**Information supplied:**
----------
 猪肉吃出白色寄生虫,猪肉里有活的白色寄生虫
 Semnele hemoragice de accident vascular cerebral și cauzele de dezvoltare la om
----------
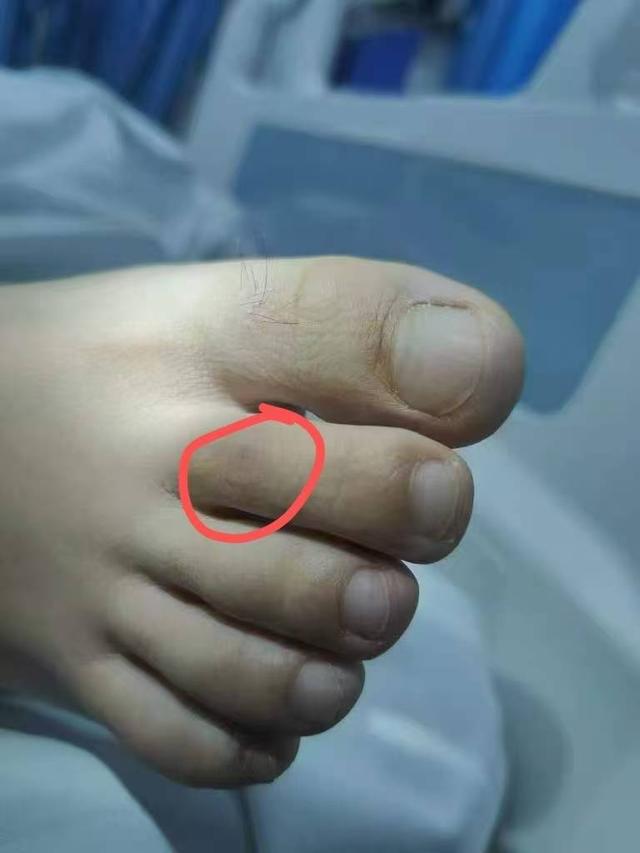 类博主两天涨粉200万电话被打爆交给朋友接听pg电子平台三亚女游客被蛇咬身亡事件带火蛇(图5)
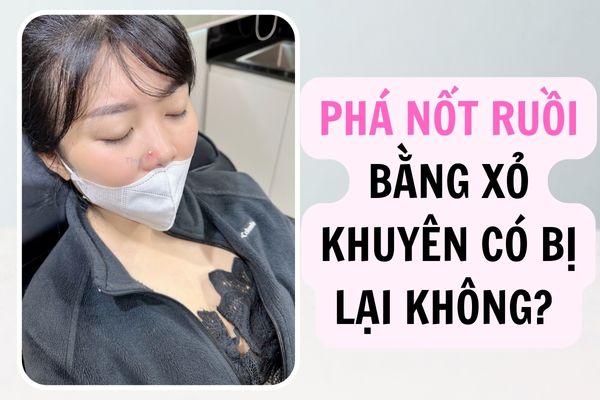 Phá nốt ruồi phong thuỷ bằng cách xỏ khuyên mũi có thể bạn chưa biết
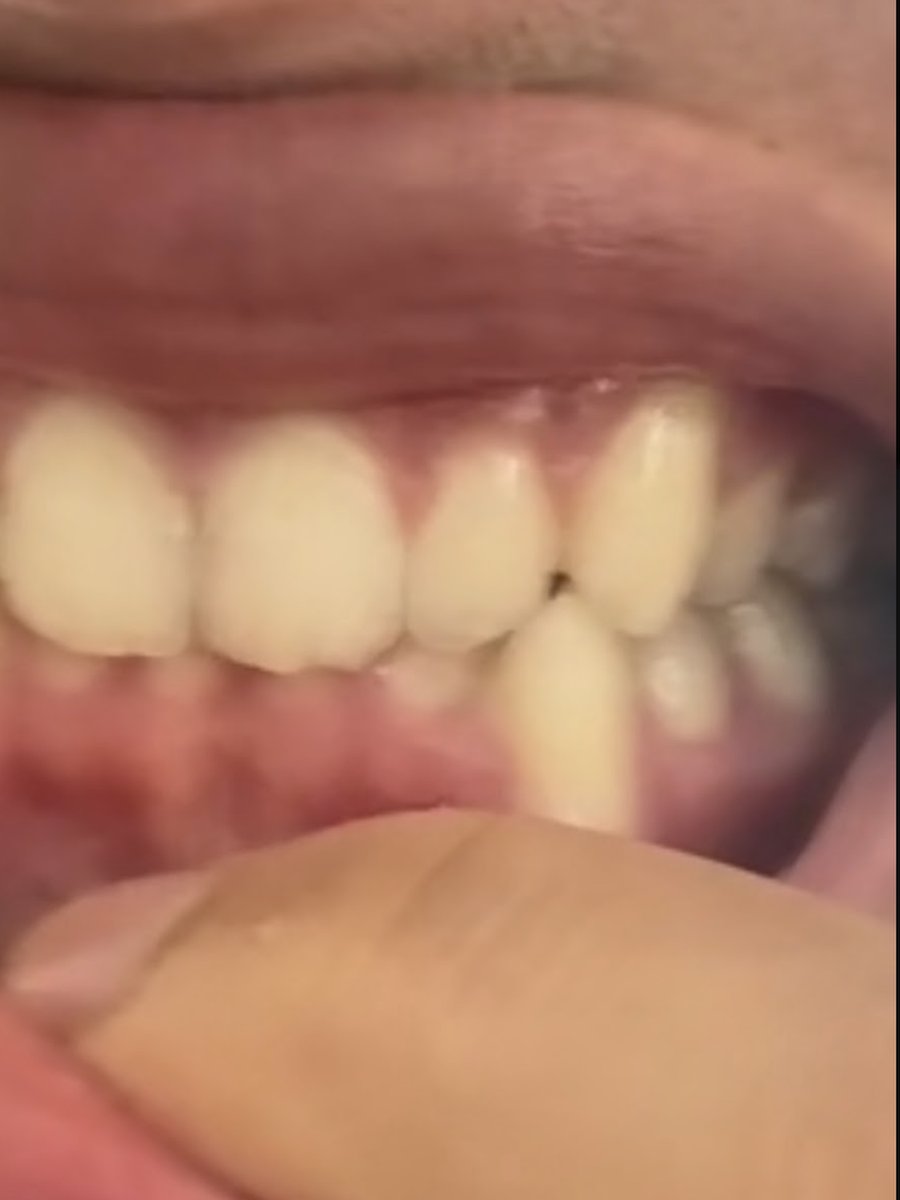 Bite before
----------
**Problem:** In the data above, start at the line holding "类博主两天涨粉200万电话被" and stop after the line holding "Bite before"; write out those lines exactly, without pictures.

**Written solution:**
 类博主两天涨粉200万电话被打爆交给朋友接听pg电子平台三亚女游客被蛇咬身亡事件带火蛇(图5)
 Phá nốt ruồi phong thuỷ bằng cách xỏ khuyên mũi có thể bạn chưa biết
 Bite before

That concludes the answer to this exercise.